Yes, they make for very interesting browsing!

Many thanks for help on this project to Peter Hurford, Xio Kikauka, Joey Savoie, George O'Neill and everyone else who pitched in, commented and suggested features :) Thanks also to Pablo Stafforini for creating the original version of the map of EAs, and to Patrick Brinich-Langlois and Sören Mindermann for further help on this.

Also, thanks to Ted Suzman, who I learnt made an earlier version of an EA profiles base at eaprofiles.com (before dropping the project due to lack of time), and has kindly redirected that domain name to our version.

Great project!!! Cannot wait to see the results for the annual survey.
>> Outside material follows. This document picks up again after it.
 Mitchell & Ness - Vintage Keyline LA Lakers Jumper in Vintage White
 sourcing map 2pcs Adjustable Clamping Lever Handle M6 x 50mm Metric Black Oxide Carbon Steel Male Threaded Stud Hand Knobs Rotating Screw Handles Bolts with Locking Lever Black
A few people have commented elsewhere or emailed me asking about a discussion section, as that's clearly key to a strong community, so I'll repeat what I said:

"Thanks! We link to the EA forum and Facebook group for discussion as it makes sense to concentrate discussion in a few venues rather than creating a new place for it, for its own sake. The EA forum's been quite active so far, and the Facebook group recently passed 4,000 members, and seems to have had several threads a day for over a year. (It's the most successful analogous Facebook group I know of - does anyone know of others, and what features they have?)"

Does that sound sensible? Can anyone think of other helpful integrations or synergies?

People may also be interested in Ozzie Gooen's discussion document on the Advantages and Disadvantages of a Monolith Application. I'm conscious of the disadvantages, and am a believer in decentralisation.

As Niel Bowerman commented there, profiles bases sometime do evolve into monoliths. The ever-growing list of things you can do on Facebook is an example, although that's partly because Facebook is a platform for independent applications; in the same way, people can build independent applications either on top of the Profiles or leveraging them somewhere else, through .impact.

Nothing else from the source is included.